The model he has in mind is the e-print distribution platform arXive. It is now common practice for physicists to post their pre-publication articles there to undergo scrutiny and assessment by other researchers. As a result, physicists today tend to think, as the Stanford University computational scientists Jonathan Buckheit and David Donoho put it back in 1995, that “a scientific publication is not scholarship itself, it is merely advertising of the scholarship.” Other disciplines are emulating the arXive pre-print model, including the Social Science Research Network and the recently launched bioRxiv for life sciences research.
The current peer review process serves as both gatekeeper and evaluator. Post-publication review would separate these functions by letting the author decide when to publish. “Making publication trivial would foster a stronger recognition that study results are tentative and counter the prevalent and often wrong view that whatever is published is true,” Nosek explains. Another big benefit, as Nosek and his colleagues argued in 2012, is that “the priorities in the peer review process would shift from assessing whether the manuscript should be published to whether the ideas should be taken seriously and how they can be improved.” This change would also remove a major barrier to publishing replications, since novelty-seeking journal editors would no longer serve as naysaying gatekeepers. Ultimately, Nosek would like the OSF to evolve into something like a gigantic open-source version of arXive for all scientific research.
Nosek, like Ioannidis, is a big fan of pre-registering research projects.
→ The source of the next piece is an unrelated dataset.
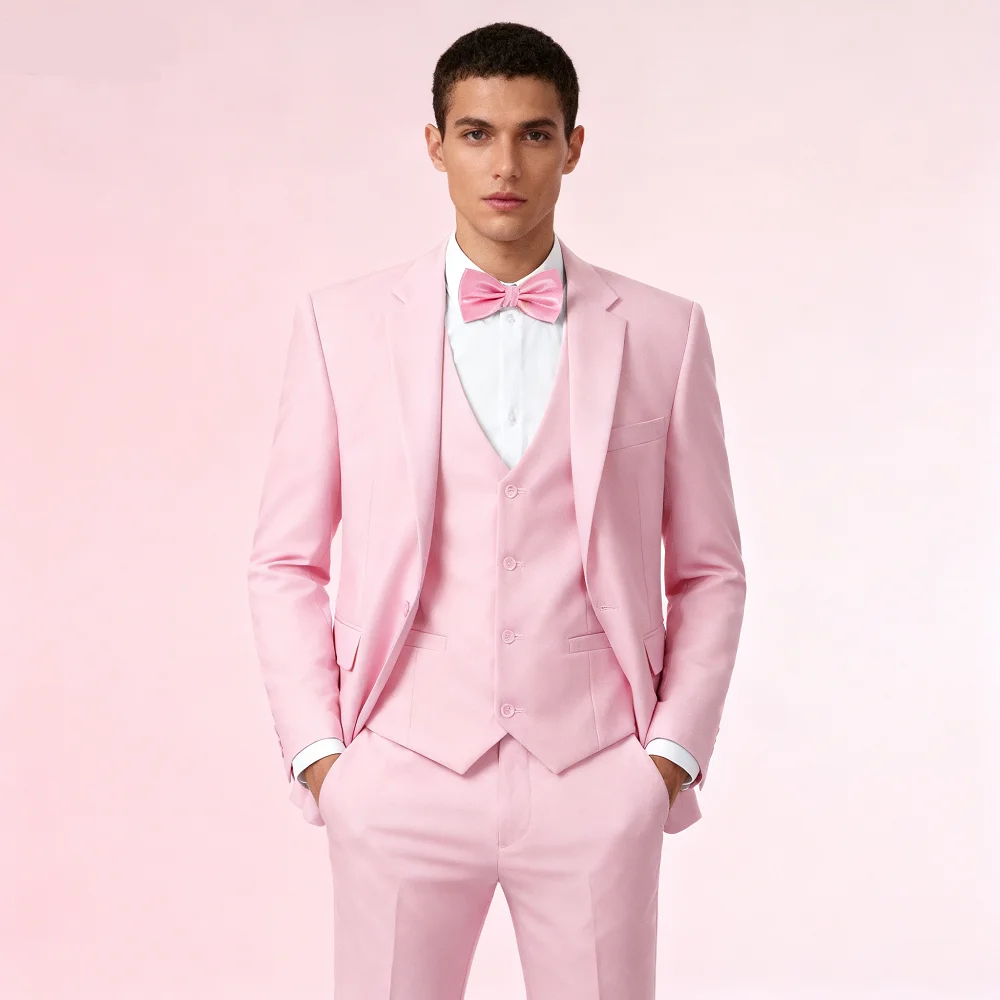 

Men's Slim Fit Double Breasted Blazer Vest And Pants Set Groom Tuxedo Business Party Wedding Attire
Among other things, pre-registration makes clear to outside researchers when a project aims to be confirmatory rather than exploratory hypothesis- generating research. This prevents researchers from succumbing to the seductions of p-hacking and HARKing. “Transparency can improve our practices even if no one actually looks, simply because we know that someone could look,” Nosek and his colleagues observed in 2012.
Just how big an effect pre-registration can have on reporting results was highlighted in an August 2015 PLOS ONE study. It analyzed the results from 55 large National Heart, Lung, and Blood Institute–supported randomized control trials between 1970 and 2012 that evaluated drugs or dietary supplements for the treatment or prevention of cardiovascular disease. In 2000, the agency started requiring that all trials be pre-registered with clinicaltrials.gov. The PLOS ONE paper found that 17 of 30 studies (57 percent) published prior to 2000 showed a significant benefit from the investigated treatments. After 2000, only two among the 25 trials published (8 percent) reported a therapeutic benefit.
Some journals are now agreeing to publish articles that have been pre-registered regardless of their findings. Researchers submit to peer review of their proposed project’s hypotheses, methods, and analyses before they begin collecting data. Reviewers at that point can make suggestions for revisions to the study and so forth. Once the process is completed, the journal commits to publishing the results as long as the study adheres to the preapproved protocols.
The OSF also awards “badges” to researchers who adopt its open science practices. Several journals now publish the OSF badges with the articles, letting other researchers know they have access to the study data and pre-registration information. To further encourage open science practices, the OSF is now offering 1,000 grants of $1,000 apiece for research that is pre-registered at its site and gets published.
Scientists are still generating plenty of false discoveries. But the good news is that science is beginning to self-correct its broken-down self-correction methods. Despite the current reproducibility crisis, Ioannidis says, “Science is, was, and will continue to be the best thing that has happened to human beings.”